Convergence: Bermuda and Lloyd’s collaborate

Bermuda does not know any way of developing  re/insurance except through innovation. 

And the Bermuda and Lloyd’s markets are moving from competition to complementing each other, as demonstrated by the recent memorandum of understanding signed by Lloyd’s, the Bermuda Monetary Authority and the Association of Bermuda insurers and Reinsurers. 

The agreement will see Lloyd’s bring the Lloyd’s Lab and the Lloyd’s Academy to Bermuda, in collaboration with the BMA and ABIR. 

At a panel moderated by ABIR chief executive officer John Huff, the BMA’s deputy director of insurance supervision (fintech) said Bermuda had always innovated, starting with the creation of the captive insurance industry in the 1960s right up to the present day. 

He said the BMA’s regulatory sandbox was designed to enable companies to test concepts and types of business within a regulated environment.  It was complemented by the Innovation Hub, which acted as an accelerator for new business ideas. 

“We are trying to fund an agile way to solve problems by providing a framework that allows flexibility as well as accelerating solutions – while protecting policyholders and investors. 

Alayon said he believed regulatory innovation was the missing piece between science, innovation and the attempt to monetise ideas.  

Rosie Denee, the head of innovation at Lloyd’s, said Lloyd’s was unique as it was both a market and a regulator, and encouraging innovation was an element of this dual nature. 

“Part of Lloyd’s answer has been the Lloyd’s Lab,” she said. “In interactions with the marketplace, people can see how ideas are developing,”

She said the nature of the Lab, which accepts new entrants after a competitive process, was that people were free to fail without burning up political capital. 

“We are constantly looking to remove barriers to entry for innovation,” she said, adding the fact members of the cohorts were not burning through investment capital enabled them to take risks and to collaborate.  

At the end of the process, graduates of the lab could raise support and funding. 

“You may never find the perfect solution, but if you can move the dial then that is progress,” she said.  

She said the Lab was changing the culture of the market by fostering innovation, meaning members of the market feared missing out on new ideas. 

Also taking part in the panel was Tim Temple, the elected insurance commissioner of Louisiana, who took office earlier this year as the state’s first commissioner with insurance industry experience.

Temple said he found the industry was in crisis when he took up his role, with shortages of property capacity which he attempted to redress in his first 60 days in office. 
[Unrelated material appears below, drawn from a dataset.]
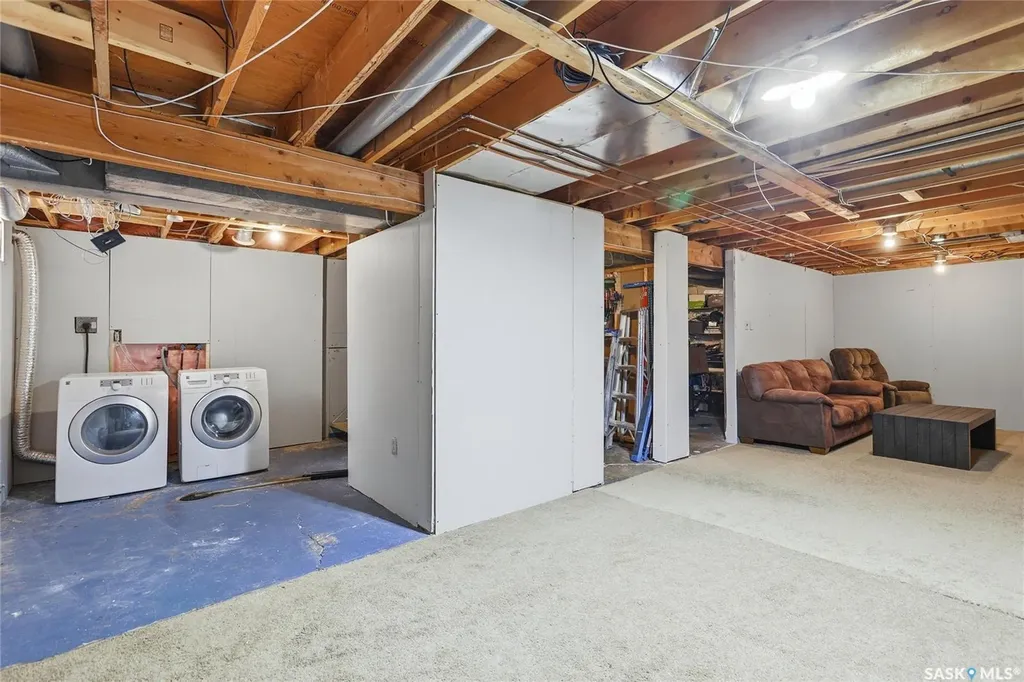 782 Hayworth Crescent N Regina SK S4X 1Y1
He said his office was now looking at mitigation and trying to find ways to convince insurers to give credit to insureds who took steps to make their homes more storm and climate resilient. 

He noted that Bermuda re/insurers had paid for a lot of roofs in Louisiana after Hurricane Ida, and the new roofs, had resisted more recent hurricanes. 
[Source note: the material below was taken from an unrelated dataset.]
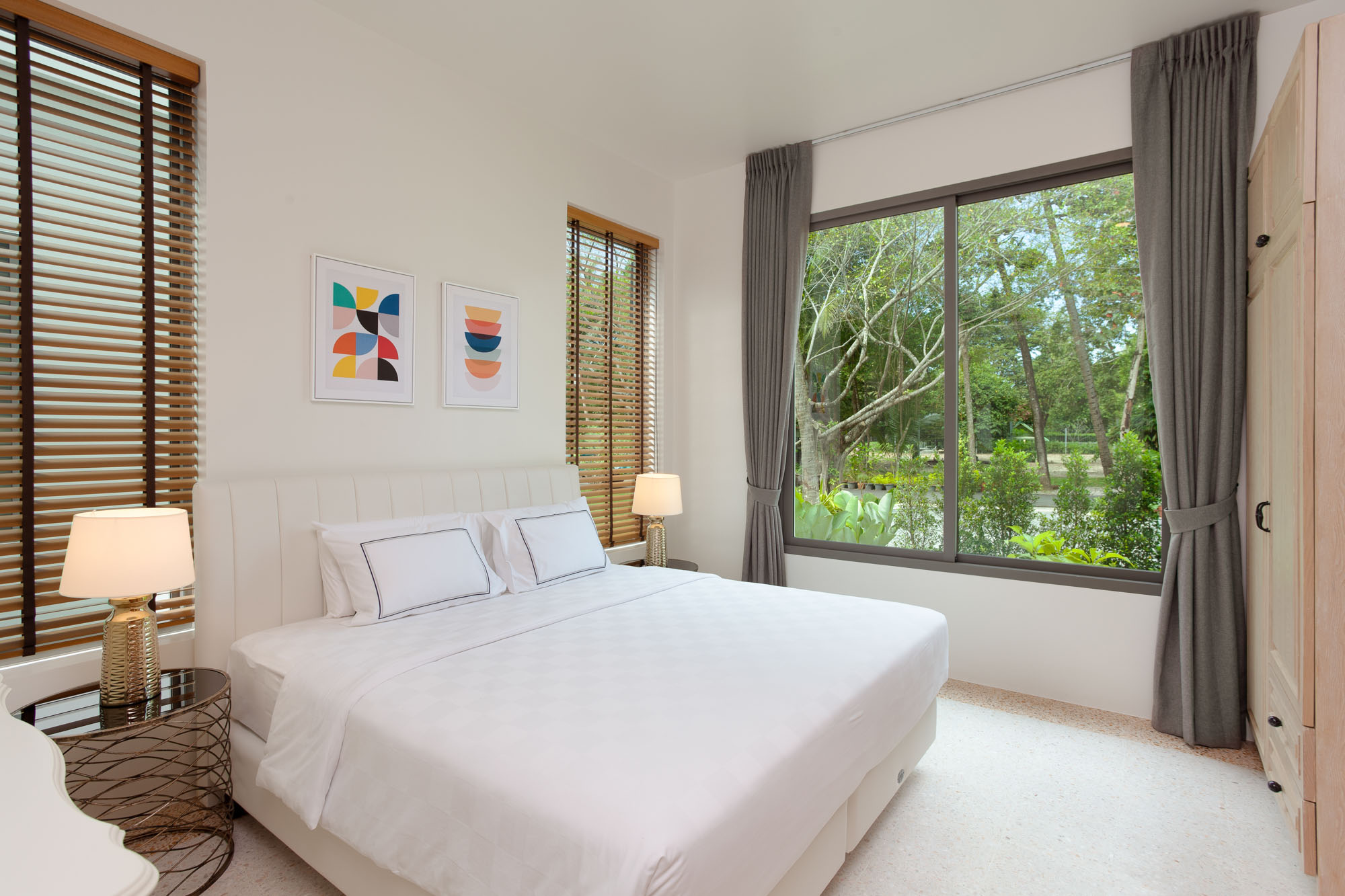 Two-storey villa with a pool in Rawai, 3 bedrooms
“After four hurricanes in 12 months, we had 12 companies go insolvent and 24 stop writing,” he said. “We had a lot of thinly capitalised companies chased premiums below adequate levels.”

Temple said that even after the bankruptcies, customers wanted to know when prices would return to that level. 

“We need the industry to help people to understand what the price needs to be and we need to educate the legislators to pass reforms,” he said. 

“We need companies to get the right premium and we need a home on the water to build a better roof or pay the additional premium.  The protection gap is about pricing. There has got to be something the consumer can afford.” 

Temple added that Louisiana was spending $50 billion on a coastal restoration programme that would make the coastline more resilient to storms, but insurers needed to give credit for that as well.